オリビアが袂から握り出したどんぐりは、アカガシなどほとんどが灰汁が酷くて食べるに向かないものだった。

この集落では、子供でも食用かどうかは見分けられるから、単に宝物として集めたのだろう。

取っておくだけでなく、駒にしたり数珠繋ぎにしたりと用途はいくらでもあるが、最後は保管していた箱の中が殻斗かくとを食い破った虫だらけになり各家庭で容赦なく捨てられる運命を辿った。
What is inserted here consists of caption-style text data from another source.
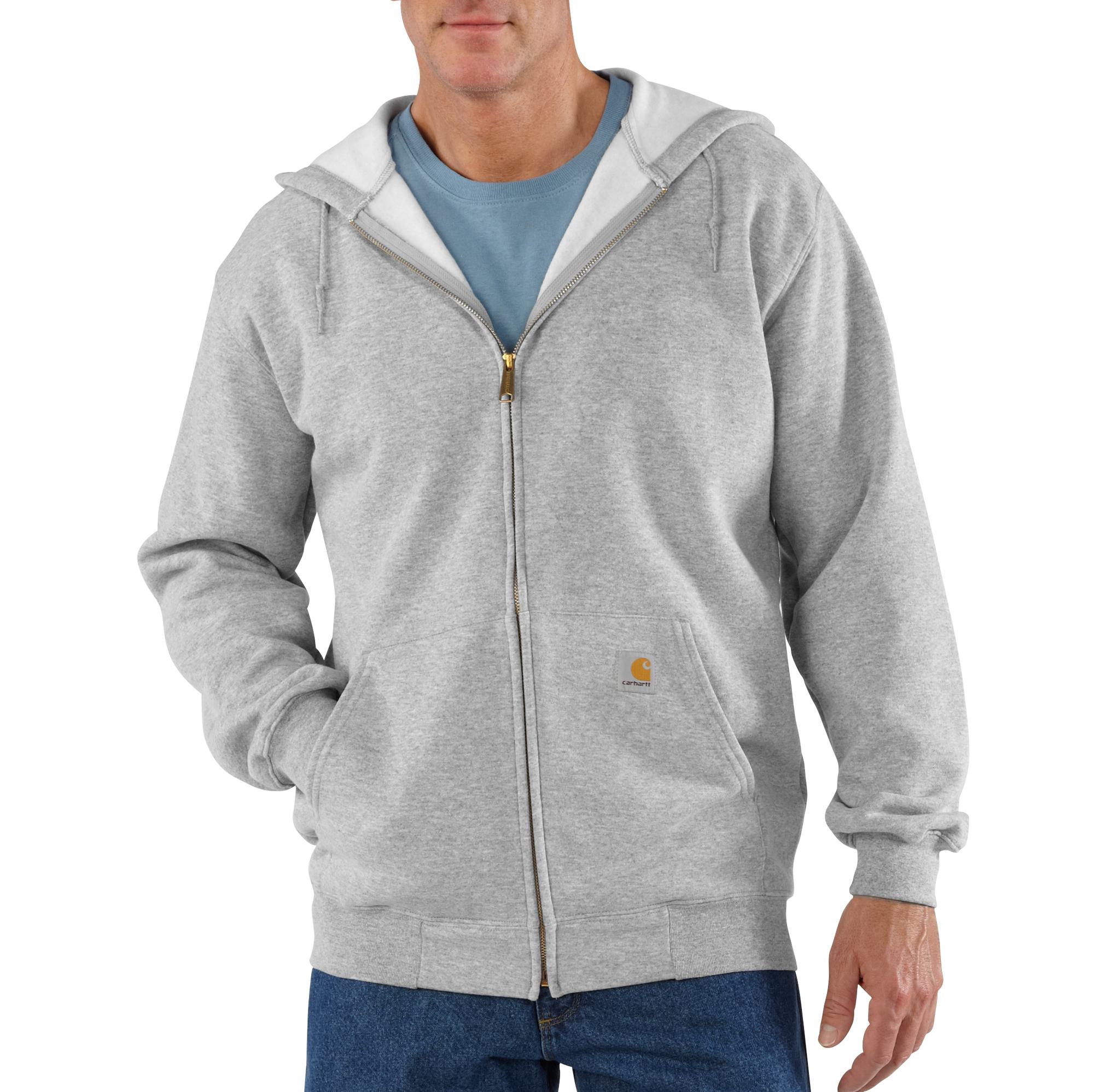 Carhartt K122-HGYSREG Men's Gray Fleece Long sleeve Solid Sweatshirt ( Small )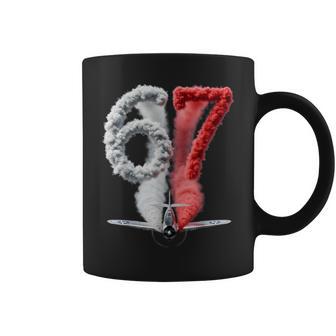 67 Retro Airplane Smoke Trail And Red 67 Pilot Coffee Mug | Mazezy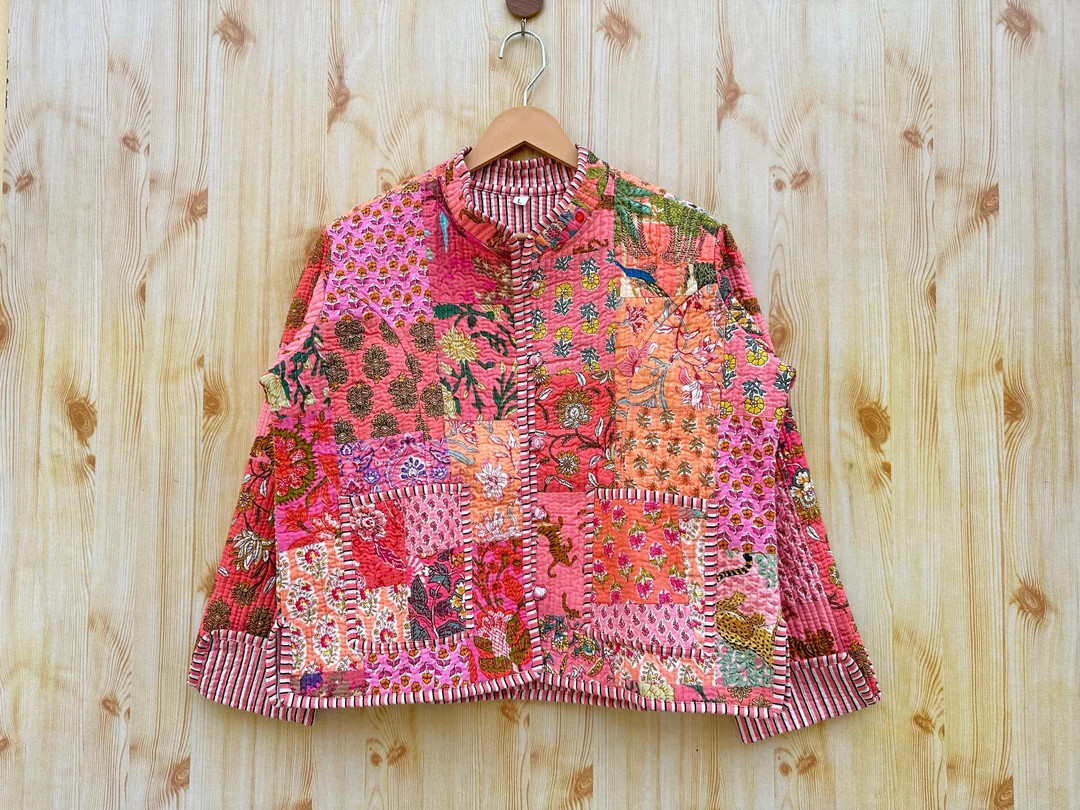 Cotton Patchwork Jacket With Collar, Quilted Jacket, Jacket With Matching Pocket and Strip, Pink ... | Etsy (US)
捨てられても懲りずに次の年も集めたことをオリバーが思い出していると、諦めて戻って来たジェームスが「とうちゃんお外でなにしてたのー」と父の手元を見た。


「ああ、野菜の勉強してた」

「べんきょう?」

「えー、なんの野菜?……まんどれ、の、うーん読めない」


寺子屋に通い始めたばかりのオリビアが表紙を解読しようとするが、漢字で行き詰まった。

人参の人くらいは読めるかと思ったが、学習はまだそこまで進んでいないようで、オリバーは若干残念に思いながら答え合わせをする。


「マンドレにんじんせいぞうのほう、だよ」

「にんじんってにんじん?」

「いや、違うにんじん。橙色じゃないやつ」

「ちがうにんじんがあるの?」

「えー知らなーい」


オリバーは「あるよ」と立って家に入り、1本手に取って子供達のもとへ戻った。

子供等にこれを対面させて大丈夫なのかという疑念が脳裏を掠めたものの、今は日中で、野菜だと教えてやったばかりだしと思い直して、2人の前に差し出した。

この集落は非常に見通しが良く、誰かが大声を出すとそれは集落中に轟き、喧嘩なのか叱られたのか、その内容までもが即座に知れ渡る。

そして子供の絶叫は、往々にして不正確な言葉で構成されているのがまずいところで、


「きゃあああおばけ!」

「おばけ!とうちゃんがオバケつかまえた!」


子供特有の甲高い奇声が耳をつんざき、家からアメリアが「うるさい!何騒いでんの!」と怒鳴り声とともに飛び出して来て、「かあちゃん!とうちゃんがオバケつかまえたって!」「オバケって何、アンタ子供達に何てもん見せてんの!」「うわーん、こわーい!」とあっという間に家の前が地獄絵図になった。

ほら、曼荼羅の出番だぞとオリバーは手の中の渡来人を促すが、彼は何も語らず、絶望の面差しを虚空に向けているだけだった。

そしてオリバーの方は、アメリアから、都合が悪くなるといつも黙るんだからと責められる。

その日の読書は、種蒔きに関する記述の前で終幕となった。